== Segment start ==

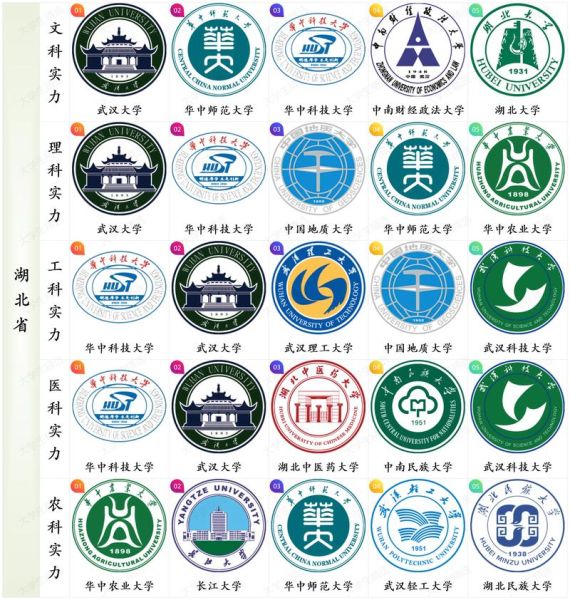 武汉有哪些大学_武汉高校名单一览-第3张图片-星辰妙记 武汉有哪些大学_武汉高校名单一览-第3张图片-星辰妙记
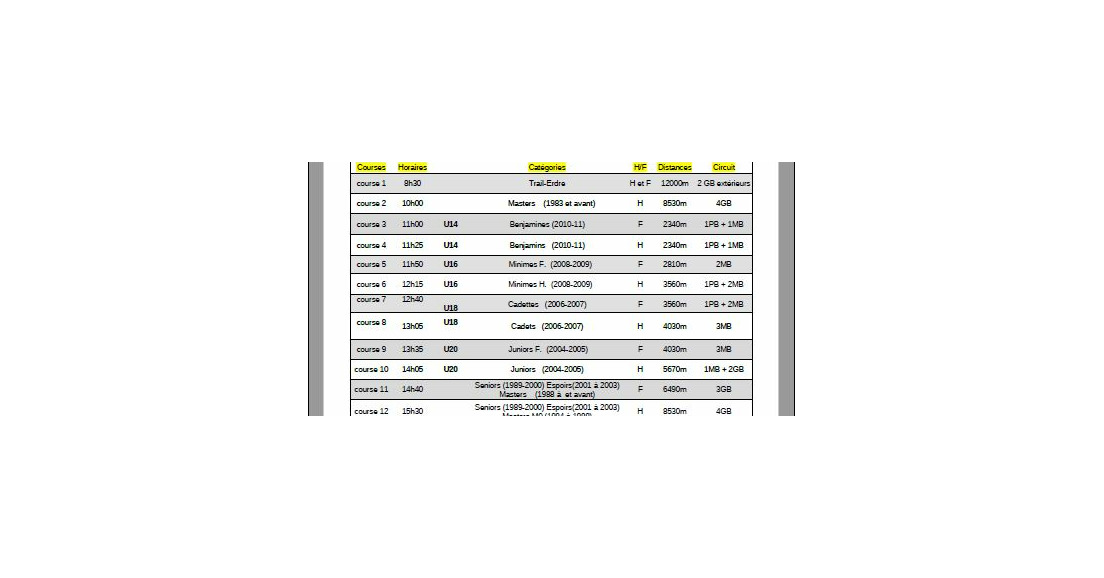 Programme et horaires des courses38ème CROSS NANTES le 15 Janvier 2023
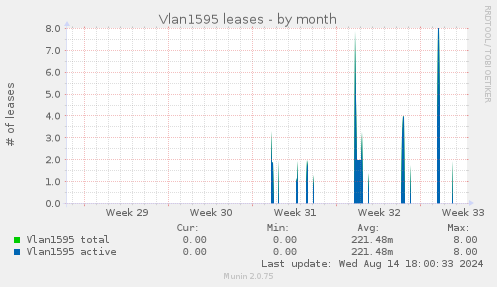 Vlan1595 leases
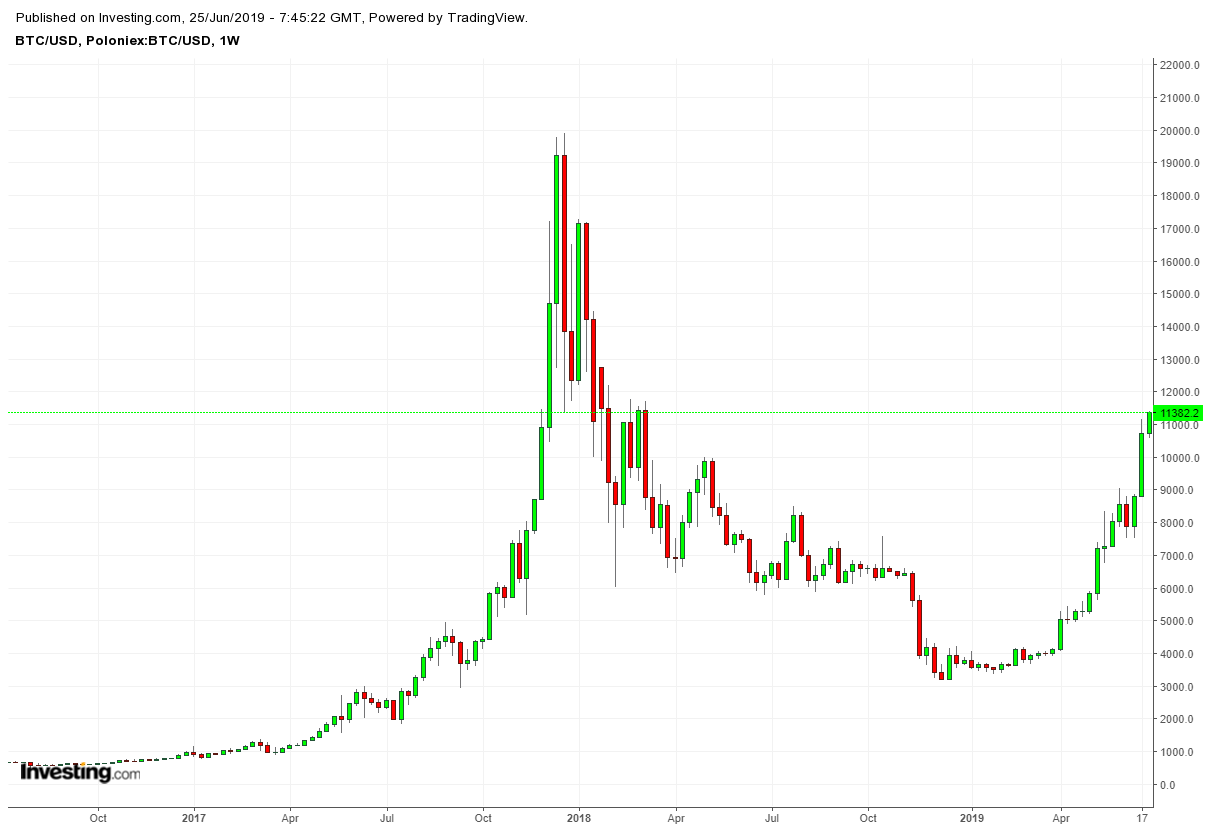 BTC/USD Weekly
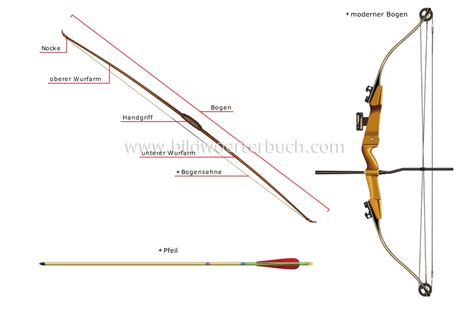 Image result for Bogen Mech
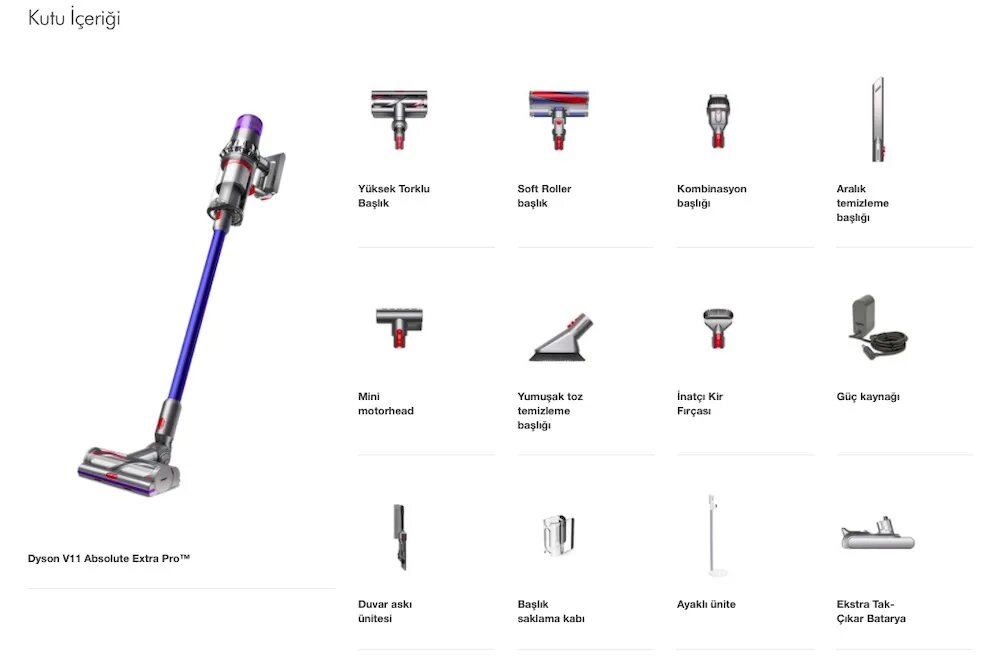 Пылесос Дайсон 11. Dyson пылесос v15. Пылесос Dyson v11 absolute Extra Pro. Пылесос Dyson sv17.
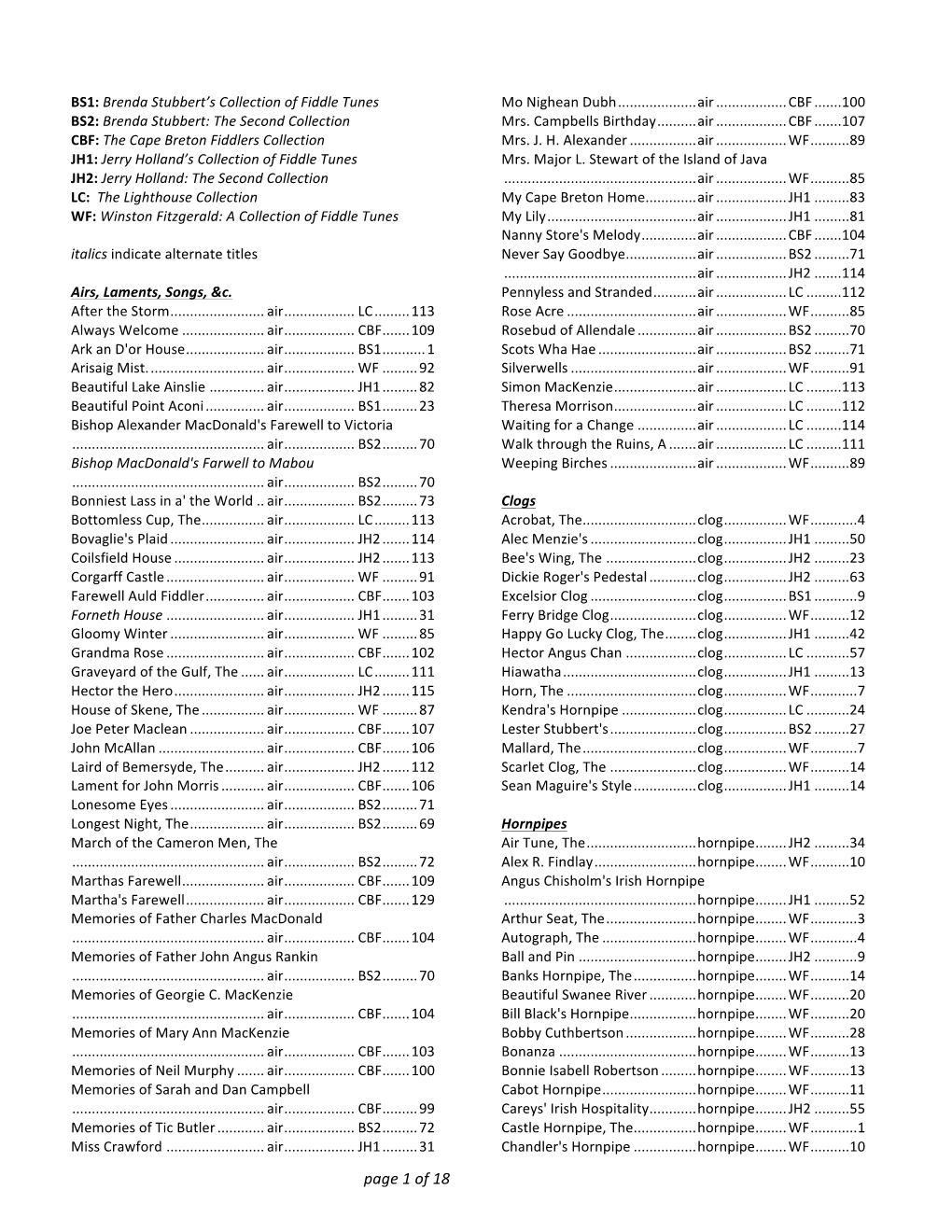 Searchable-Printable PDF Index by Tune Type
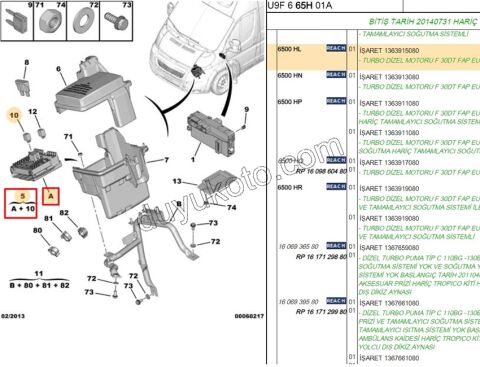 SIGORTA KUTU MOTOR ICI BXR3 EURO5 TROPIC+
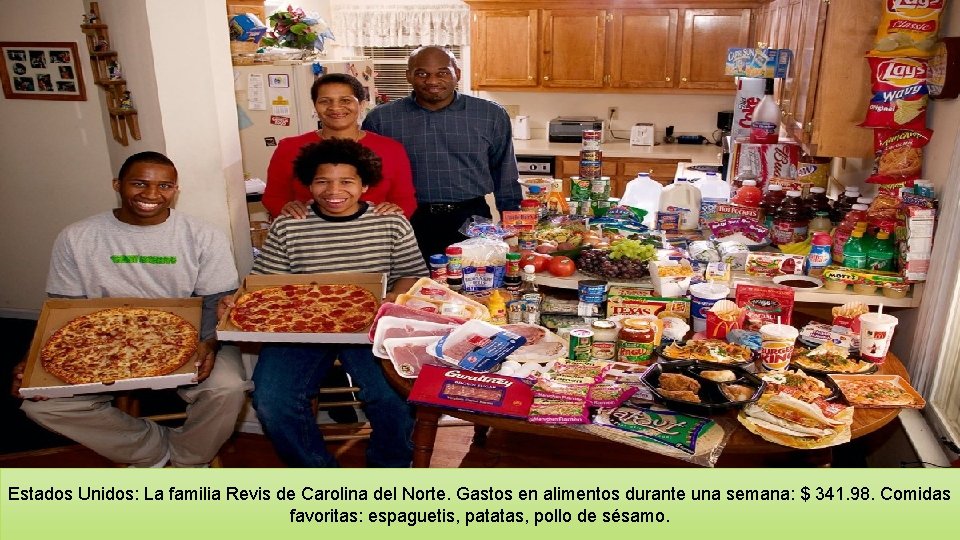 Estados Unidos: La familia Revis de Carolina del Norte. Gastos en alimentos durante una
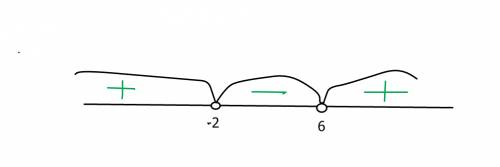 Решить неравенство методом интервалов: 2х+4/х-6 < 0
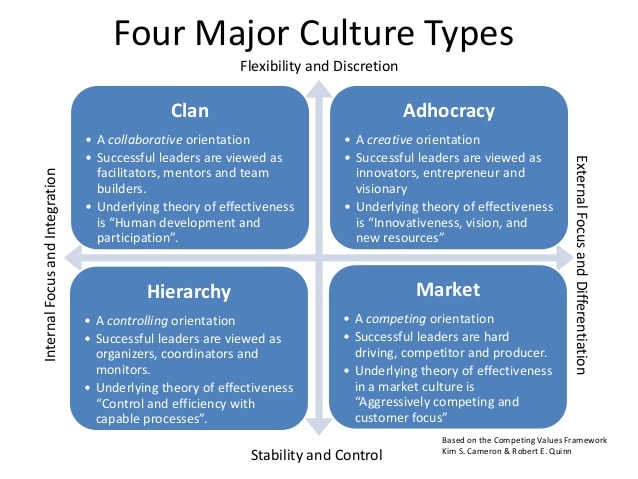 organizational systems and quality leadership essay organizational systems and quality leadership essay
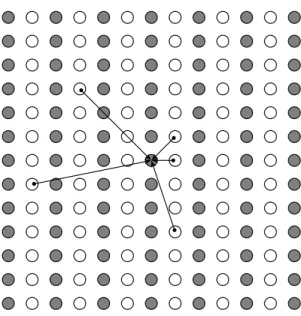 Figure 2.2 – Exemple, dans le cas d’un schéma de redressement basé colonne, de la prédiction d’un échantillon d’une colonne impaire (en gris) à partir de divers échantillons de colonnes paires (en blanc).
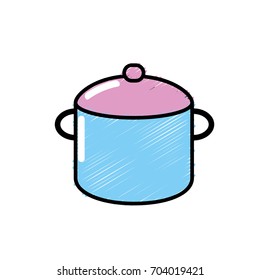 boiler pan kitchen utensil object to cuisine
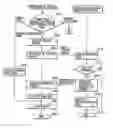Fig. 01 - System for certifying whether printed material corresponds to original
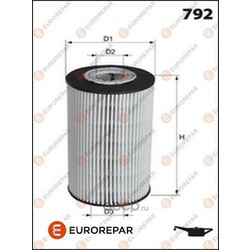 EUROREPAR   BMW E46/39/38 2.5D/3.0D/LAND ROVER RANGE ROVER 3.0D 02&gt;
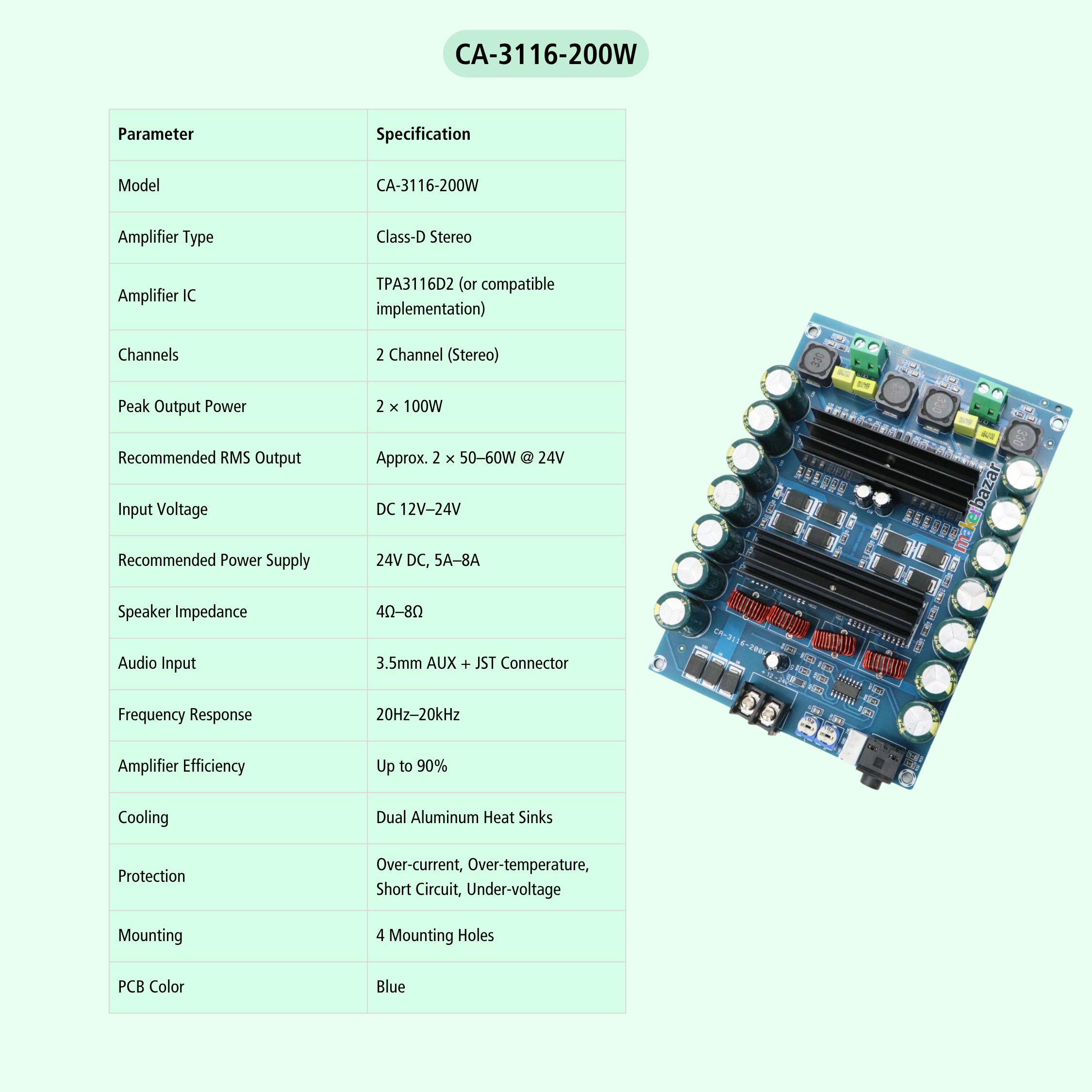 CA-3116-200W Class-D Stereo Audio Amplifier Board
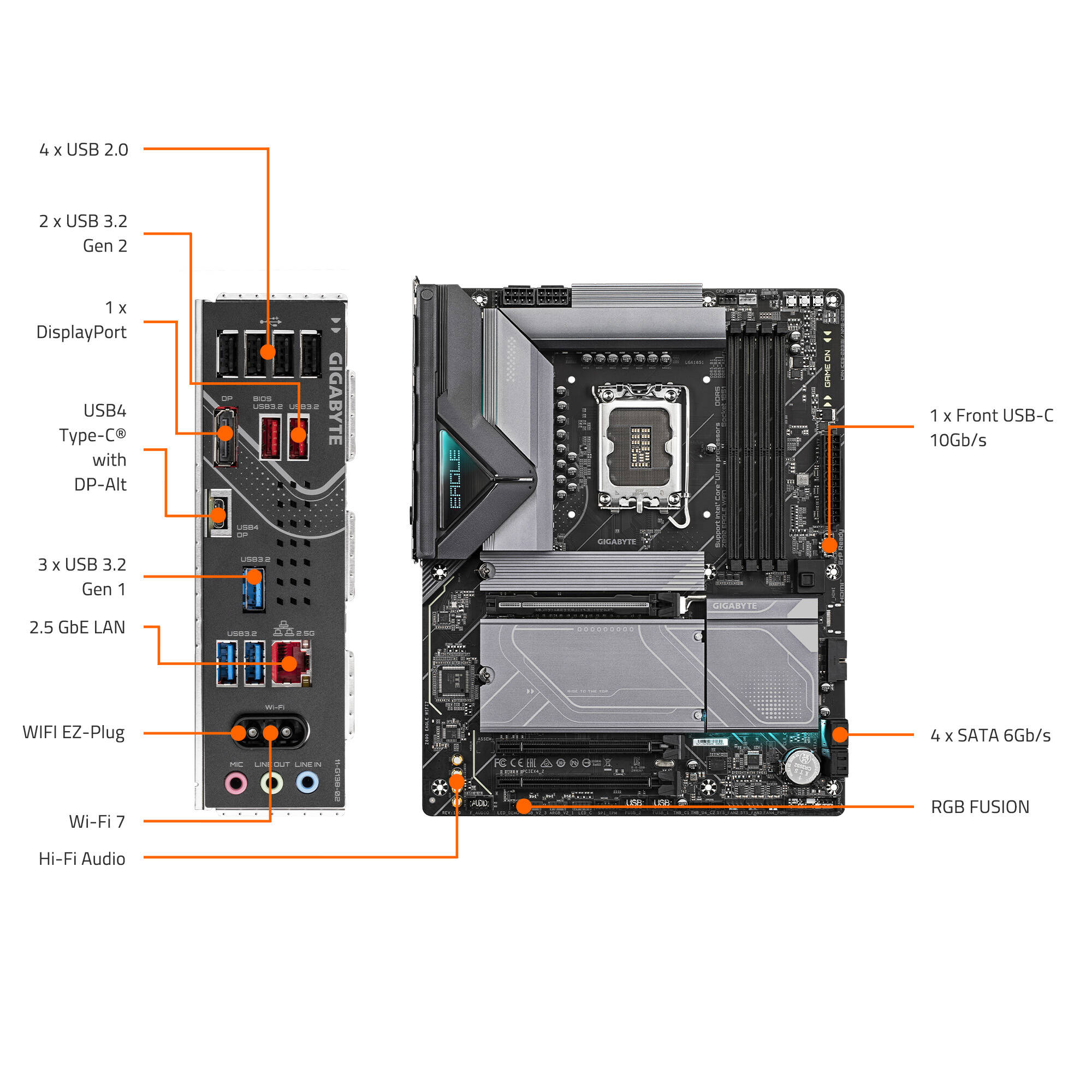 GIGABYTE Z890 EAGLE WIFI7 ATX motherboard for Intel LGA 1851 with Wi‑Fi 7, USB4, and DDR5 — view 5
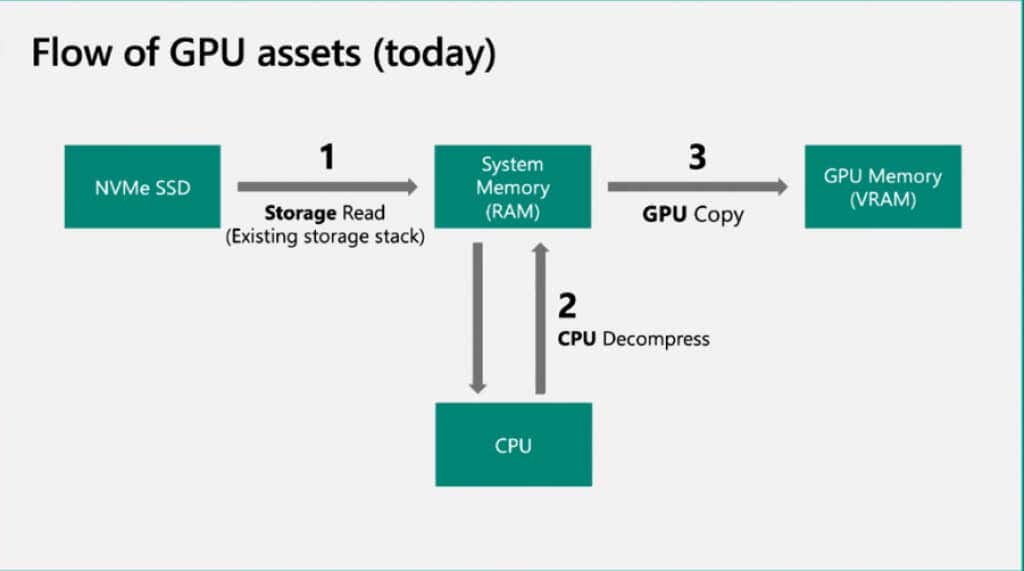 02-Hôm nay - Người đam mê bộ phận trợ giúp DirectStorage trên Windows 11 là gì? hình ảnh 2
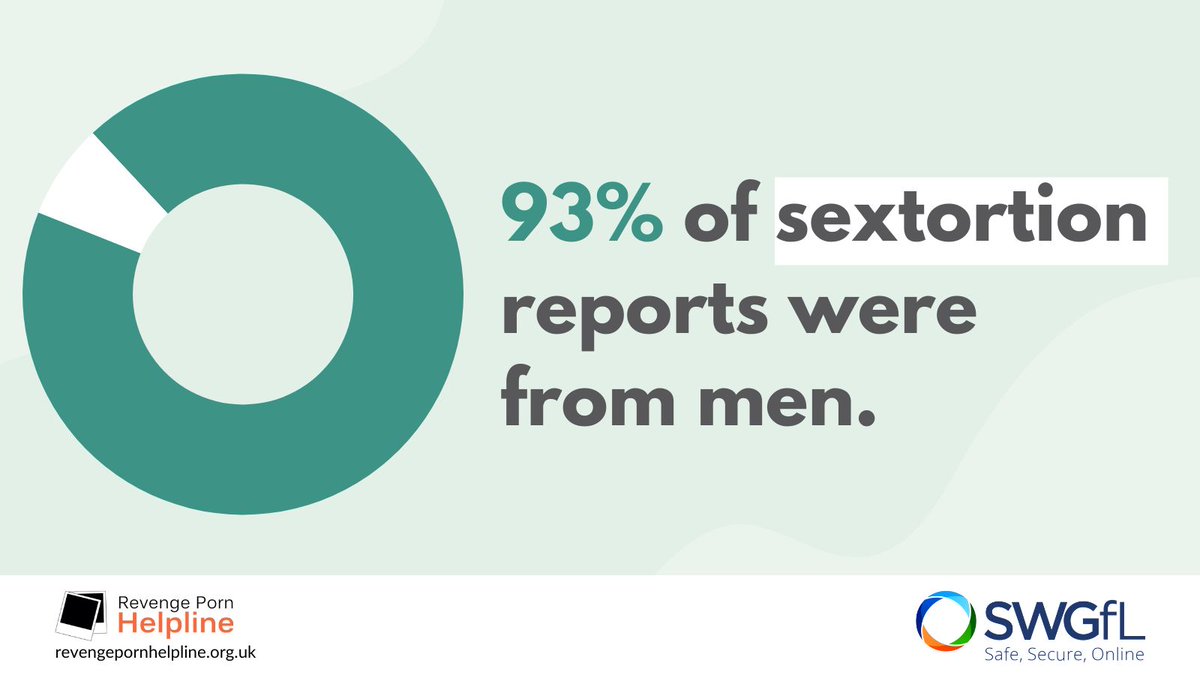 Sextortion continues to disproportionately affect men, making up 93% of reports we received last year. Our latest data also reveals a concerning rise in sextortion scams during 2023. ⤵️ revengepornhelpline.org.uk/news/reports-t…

== Segment end ==

### WHAT IS EXPECTED
Transcribe the material exactly, and leave out whatever pictures it holds.

### ANSWER SPACE
 武汉有哪些大学_武汉高校名单一览-第3张图片-星辰妙记 武汉有哪些大学_武汉高校名单一览-第3张图片-星辰妙记
 Programme et horaires des courses38ème CROSS NANTES le 15 Janvier 2023
 Vlan1595 leases
 BTC/USD Weekly
 Image result for Bogen Mech
 Пылесос Дайсон 11. Dyson пылесос v15. Пылесос Dyson v11 absolute Extra Pro. Пылесос Dyson sv17.
 Searchable-Printable PDF Index by Tune Type
 SIGORTA KUTU MOTOR ICI BXR3 EURO5 TROPIC+
 Estados Unidos: La familia Revis de Carolina del Norte. Gastos en alimentos durante una
 Решить неравенство методом интервалов: 2х+4/х-6 < 0
 organizational systems and quality leadership essay organizational systems and quality leadership essay
 Figure 2.2 – Exemple, dans le cas d’un schéma de redressement basé colonne, de la prédiction d’un échantillon d’une colonne impaire (en gris) à partir de divers échantillons de colonnes paires (en blanc).
 boiler pan kitchen utensil object to cuisine
Fig. 01 - System for certifying whether printed material corresponds to original
 EUROREPAR   BMW E46/39/38 2.5D/3.0D/LAND ROVER RANGE ROVER 3.0D 02&gt;
 CA-3116-200W Class-D Stereo Audio Amplifier Board
 GIGABYTE Z890 EAGLE WIFI7 ATX motherboard for Intel LGA 1851 with Wi‑Fi 7, USB4, and DDR5 — view 5
 02-Hôm nay - Người đam mê bộ phận trợ giúp DirectStorage trên Windows 11 là gì? hình ảnh 2
 Sextortion continues to disproportionately affect men, making up 93% of reports we received last year. Our latest data also reveals a concerning rise in sextortion scams during 2023. ⤵️ revengepornhelpline.org.uk/news/reports-t…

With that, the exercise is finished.